The law is a three-paragraph city ordinance requiring a gun in every home, and ammunition in every gun. Violators face a $200 fine and up to 60 days in jail.
It went into effect today as men raced up and down Main Street in pickups shouting, "Where's yer gun?" at reporters.
Mayor Darvin Purdy, 38, a lawyer and National Rifle Association member who owns several guns of undisclosed caliber ("the caliber of my weapons is a personal matter") says the law is necessary to send criminals a message that they rape and pillage in Kennesaw at grave risk.

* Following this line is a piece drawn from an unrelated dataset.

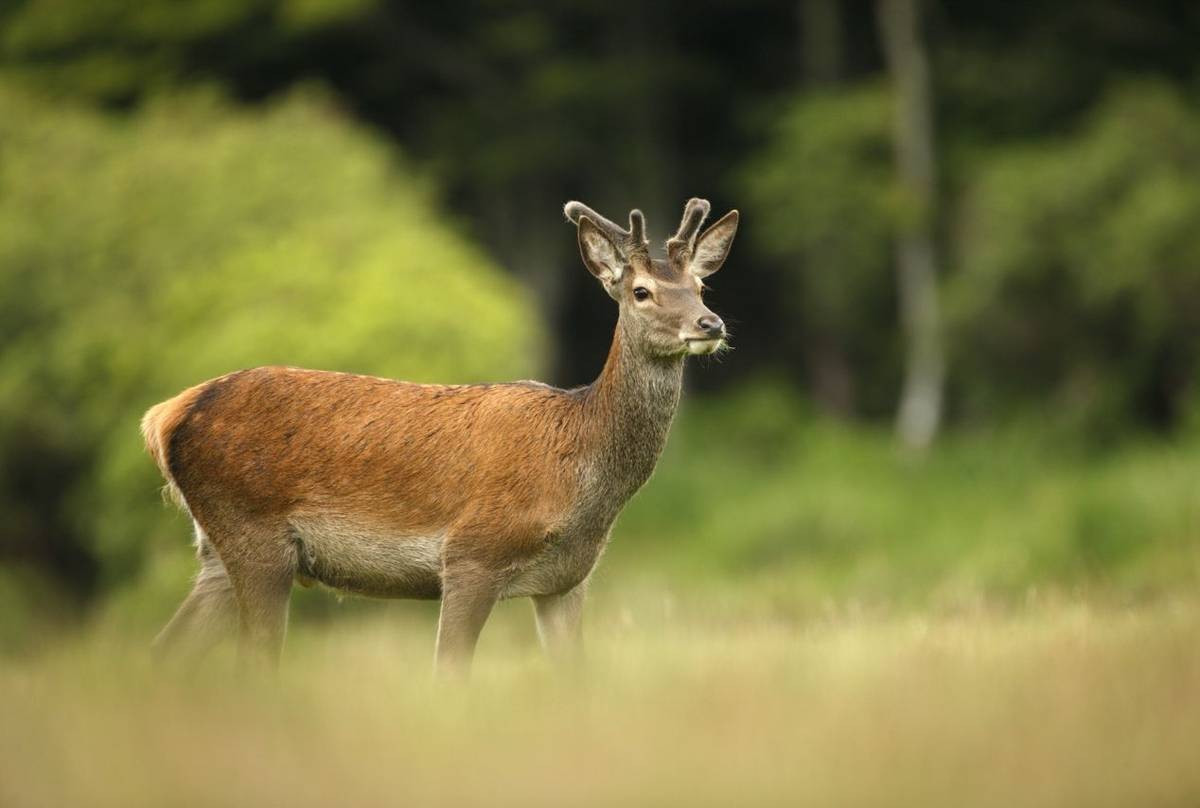 Red Deer shutterstock_156847280.jpg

Not that there has been much rape or pillaging in this historic Civil War town, 24 miles north of Atlanta. Still, it has remained vigilant ever since Union commando James J. Andrews and his raiders stole a Confederate locomotive, the General, in 1862, while its conductor was eating breakfast, and set off to burn rebel bridges.

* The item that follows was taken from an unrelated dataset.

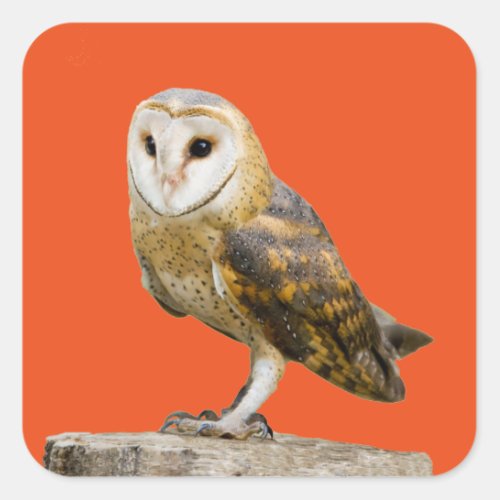 Barn Owl Square Sticker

He was later caught and shot, after an 87-mile high-speed chase re-created in the movies, and any criminal who tries to pull off such a caper nowadays risks the same fate, some locals say.
Little old ladies pack the Kennesaw police pistol range alongside workmen from Lockheed to learn how to fire their first gun. They hound officers like Dwayne Wilson, an instructor, with the kind of questions lawyers hesitate to answer: just when can you shoot an assailant and go free?
"We tell 'em, 'If you're afraid he'll do you bodily harm, pull the trigger and take your chances with 12 ladies and gentlemen of the jury,' " Wilson said.
They take aim at the "X" plastered on life-size targets, and if they can hit the paper man from 21 to 45 feet, Wilson says he figures they can hit a burglar in a darkened bedroom.
Some have signed up for the 10 free guns the mayor has promised to give away, all gifts from out-of-town admirers who wanted to make sure Kennesaw had enough firepower to go around.
They needn't fret.
"This may be a town of only 5,000 people, but there must be at least 50,000 guns," said carpet salesman Jerry Lyn, 43, a former paratrooper in Vietnam who dropped into Lawson's Texaco to fill up, swap war stories and talk about his favorite guns.
"Everybody's for the gun ordinance except kooks," said Lee Lawson, 60, the gas station owner. "It's a good thing to let criminals know you're ready for 'em." He grinned and told about the night he chased a carload of drunks from his back yard with 15 quick shots from a .30-cal. carbine.
"They drove into my yard whoopin' and hollerin', and I yelled, 'You're on private property.' They cussed me out and kept partying. So I bounced a few shots off the brick wall. They tore up their cars getting off my place."
He said he doesn't think he'd have the heart to kill anyone: he'd give a robber a fair chance to put up his hands.
But some say the forced arms buildup is dangerous. Retired police officer Bill Prince, 44, said he thinks that more guns in the home means more people will shoot each other.
"Someone gets mad, first thing he does is grab a gun. I've seen husbands and wives threaten each other, 'You were out with so and so, I'll blow your brains out.' Always talked 'em out of it, but there are plenty who pull the trigger," he said.
Even Robert Carrier, 21, a $5-an-hour county employe who plunked down $35 for a .38 special to comply with the law, calls it "ridiculous, just another stupid law. You got little kids in the house, you're just inviting trouble."
The American Civil Liberties Union sought an injunction today in federal court in Atlanta to halt the law. And up the road in Acworth, the City Council passed a parody ordinance requiring all households to own fishing poles.
Mayor Purdy says he doesn't think it's funny. Last year there were 55 burglaries. Since the ordinance was passed, almost three months ago, there have been three. And Purdy says police will not be above checking shotgun racks on routine house calls, to enforce compliance. Those who refuse to have a firearm could face arrest. Convicted felons, the disabled and conscientious objectors are excused.
Not that a law was needed. About 9 out of 10 households already owned guns before the City Council passed the controversial ordinance as a response to a Morton Grove, Ill., (nicknamed "Moron Grove" here) statute banning handguns.
A country tune, "Kennesaw Get Your Guns," is spinning on local stations. It is a song by Jimmy Moore, a plumber who says "Every issue ought to have a song you can dance to." And merchants like Dent Myers, 51, are prospering, selling souvenir Ku Klux Klan robes, Kennesaw T-shirts and $2 citizenship papers to tourists.
"This is just a nice, easygoing town with a silent majority and a pioneer spirit," he said.